I knew Pat as a comrade in the Trotskyist movement and the women’s movement in the 1970s.

Pat’s work on Women’s Fightback, the Working Women’s Charter and Women’s Voice was politically indispensable, trying as we were to link the working-class fightback against the Tories and the 1974-9 Labour government with the women’s movement. We were trying to make inroads politically into the women’s movement and to link that movement with the struggles of working-class women. We did it with some success, until all the movements went into retreat with Thatcher’s victories.

Pat was very involved in such battles as those to stop the closures of the Elizabeth Garrett Anderson Hospital and the Royal Northern Hospital, and the Grunwick strike.

We could always rely on Pat to be there and intervene; very quietly, but she did it. She was once described by a comrade as a “foot soldier”, and she was — but in the good sense. She contributed as a thinker and a writer to our aims and strategies, but she never left the practical work to others.

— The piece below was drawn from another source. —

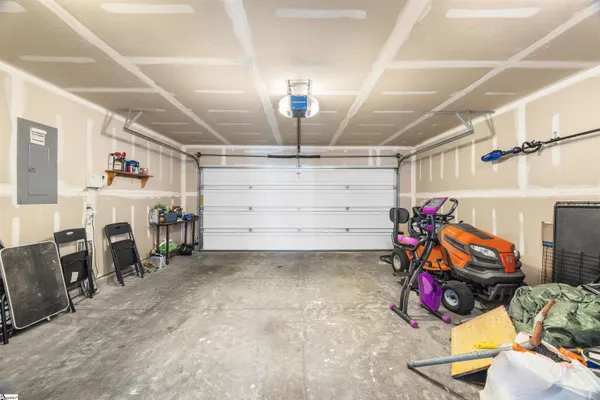 $260,000 | 533 Mount Laurel Lane, Wellford, SC 29385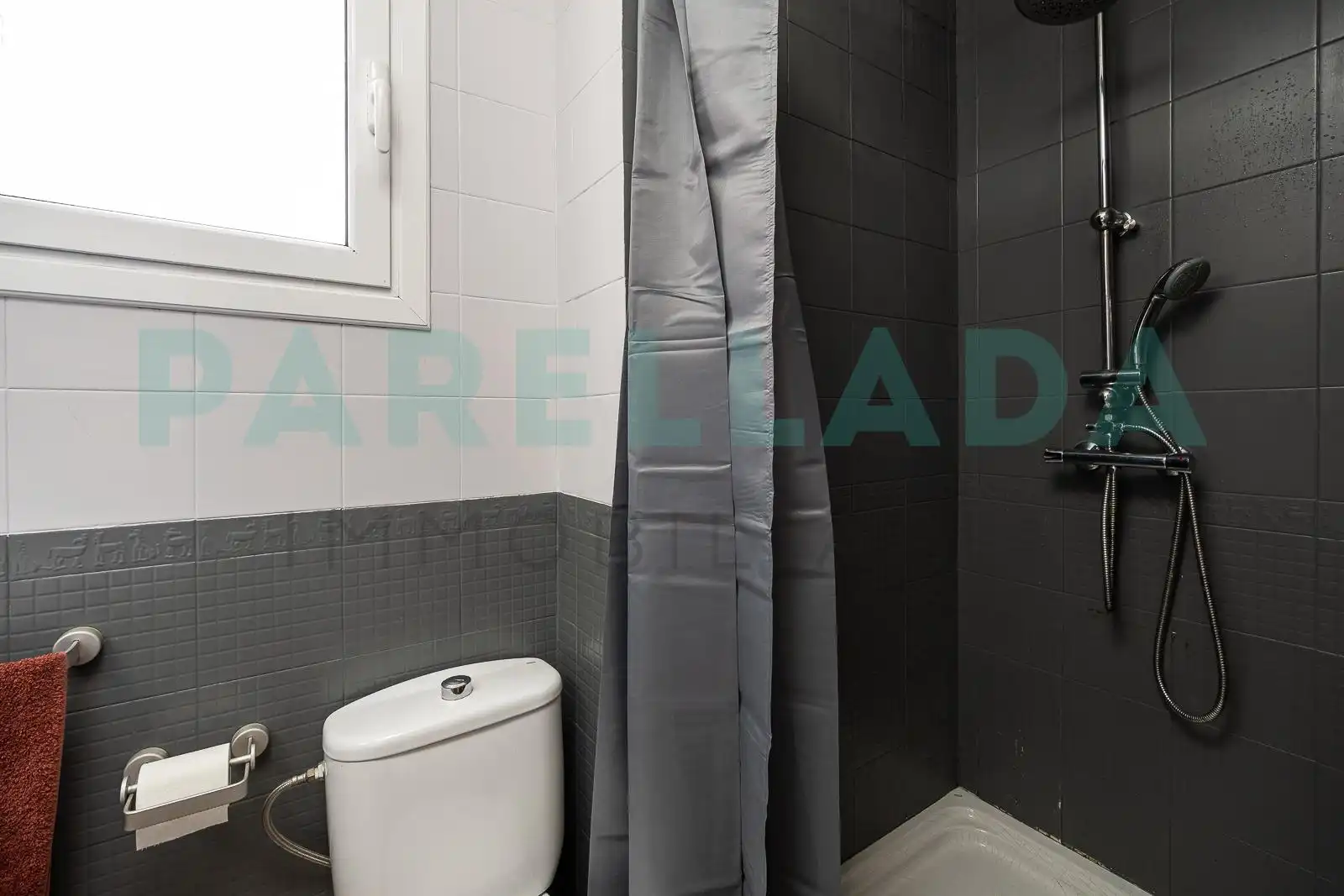 Bany de Dúplex en venda en Badalona amb Aire condicionat, Calefacció i Parquet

She carried on and on, and she would have carried on for many more years but for the illness which killed her. She was a fine comrade, and she will have died with — as Trotsky put it — “unshakeable belief in the communist future” and in the working class.

Jeremy Corbyn MP

I first met Pat Longman in the early 1980s. She immediately struck me as a dedicated, sincere and committed socialist. We became good friends through many struggles at the time.

She was elected to Islington council on a landslide in the 1982 local elections and took up her duties in St George’s Ward with great gusto and commitment. Dedication to people and community were her watchwords. In an echo of current times, the government tried to impose huge cuts by restricting funding to local councils. Pat was a huge part of the resistance to this.

The miners’ strike in 1984-5 was a seminal moment for the whole labour movement; like many others, Pat campaigned for political and industrial solidarity with the miners. In Islington we collected over £100,000 and council staff would voluntarily donate from their pay.

Pat made sure that many of the then-advanced policies on positive action, discrimination and social justice were pursued by the government.

As a union activist, Pat campaigned for print-workers’ jobs and conditions and opposed News International in the enormous dispute at Wapping in 1986-87. I want to thanks Pat for her dedication, her principles and her activity. She did well for Islington and its people, for her union and its members, and for the cause of socialism.

Sean Matgamna

Pat Longman had strength and stubbornness in the cause in which she enlisted before she was 16 and worked for all of her life.

Of the sizeable number of people who have travelled part of that road with AWL, Pat was one of only a few who travelled the distance with us as we confronted the problems and contradictions of the would-be left and tried to find consistent revolutionary socialist answers.

More gregarious than some of us, she would have felt our isolation and unpopularity. But Pat was sustained by our belief that the beginning of all revolutionary wisdom is to tell the truth and go on telling it — no matter what. As Marx said, in Dante’s words, at the beginning of Capital, “follow your own course, and let the people talk.” Pat will be greatly missed.